創作ノート:Requiem

野良仕事の最中に何かの虫か草にかぶれたらしく、治るまでにひと月近くかかった。
強い「かゆみ」というものは地獄の責め苦か思うほど。
まるでサタンの責め苦に喘ぐヨブ(旧約聖書「ヨブ記の主人公)のよう。
ヨブは信仰厚い善き人出あったが、それゆえにサタンにより神への忠誠を試されることとなり、財産と家族を奪われた挙句に重い皮膚病にかけられる。それでも信仰を捨てずに忠誠を守り、ついにサタンは敗北する。

ヨブの涙、日本では「数珠玉」と呼ばれる草の実。肌トラブルに耐えかねてというわけではないが、私生活でもストレスが重なり、この実を用いて作られたロザリオを手に入れた。

「幸福」と同じように「不幸」も受け取ろうではないか・・・ヨブの言葉だ。

シンメトリー(左右対称性)は、「門」の表象。この作品のテーマはいわゆる「地獄の門」だ。
うさぎとアンモナイトは地下世界のアイテム。
「キリストの心臓」と「太古の化石」を組み合わせ、ウィリアム・ブレイクの彩色画に見られるような神秘性とおどろおどろしさを意識した。

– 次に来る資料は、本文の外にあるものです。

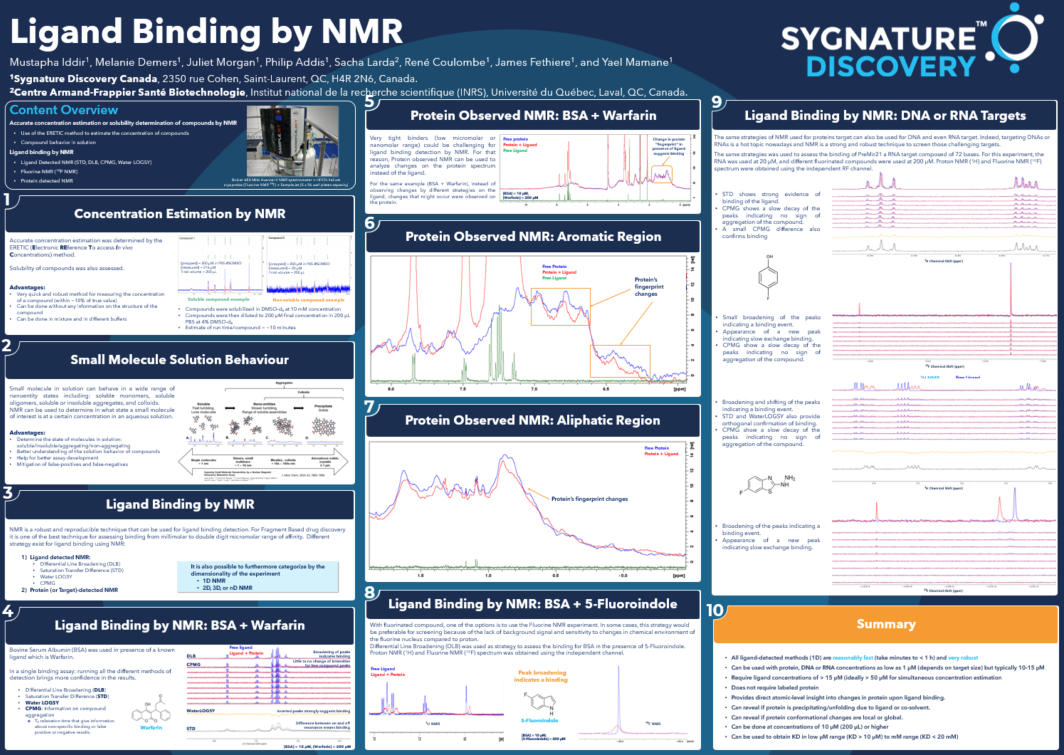 Ligand Binding by NMR
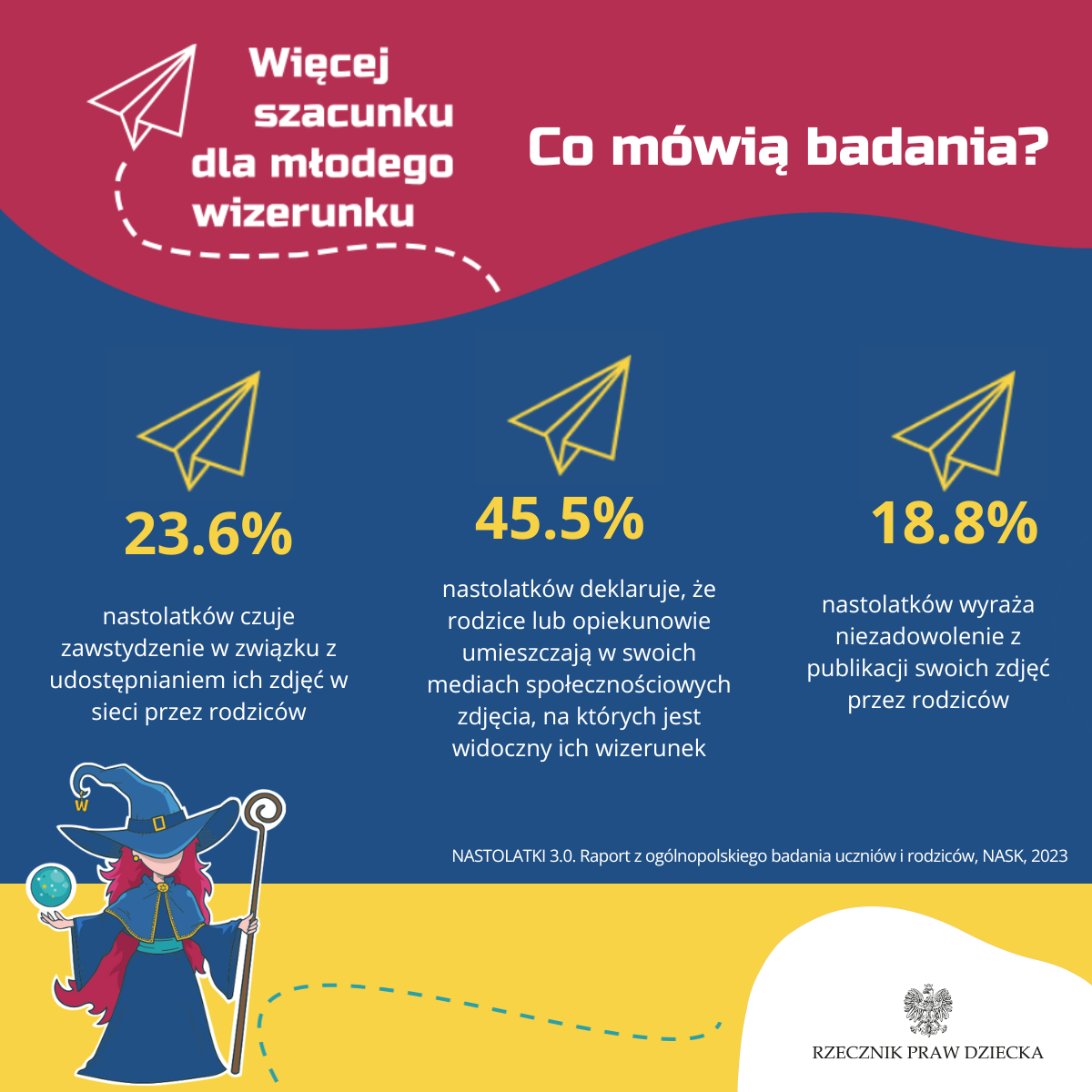 Infografika4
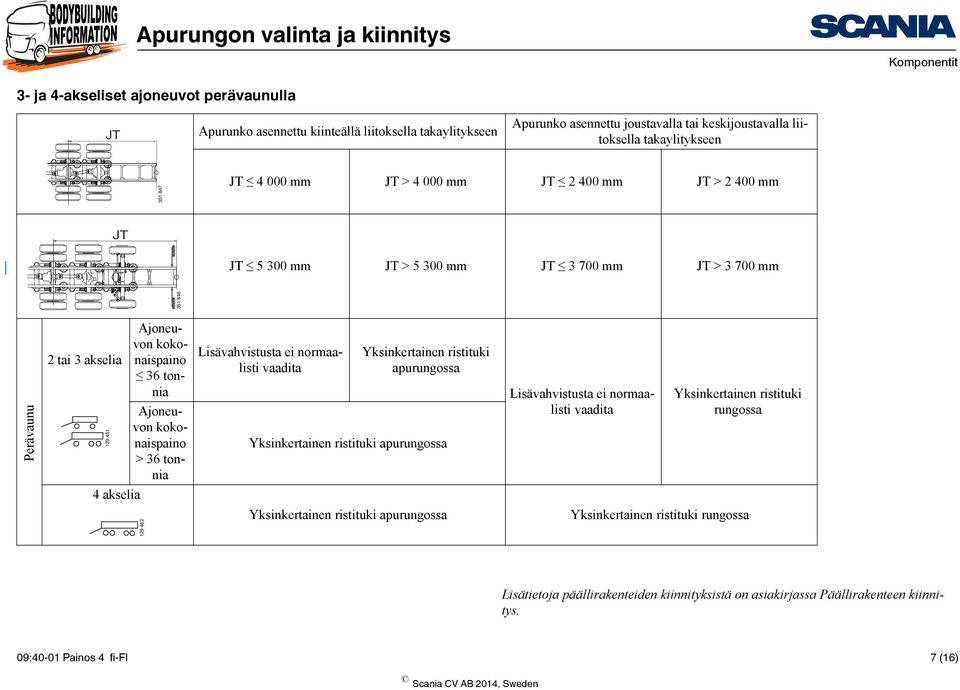 akselia 129 461 Ajoneuvon kokonaispaino 36 tonnia Ajoneuvon kokonaispaino > 36 tonnia Lisävahvistusta ei normaalisti vaadita apurungossa apurungossa Lisävahvistusta ei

「冥府下り」はギリシャ神話のオルフェウス、ペルセポネ、ダンテの『神曲』、イザナギとイザナミ、キリストの地獄降下などなど、
様々に語られてきたテーマであり、それらはどれも暗い地下の世界だ。

・・・この門をくぐる者は一切の希望を捨てよ・・・
ダンテの『神曲』の地獄の門にはこの言葉が記されている。

レクイエムはラテン語で「安息」を意味する。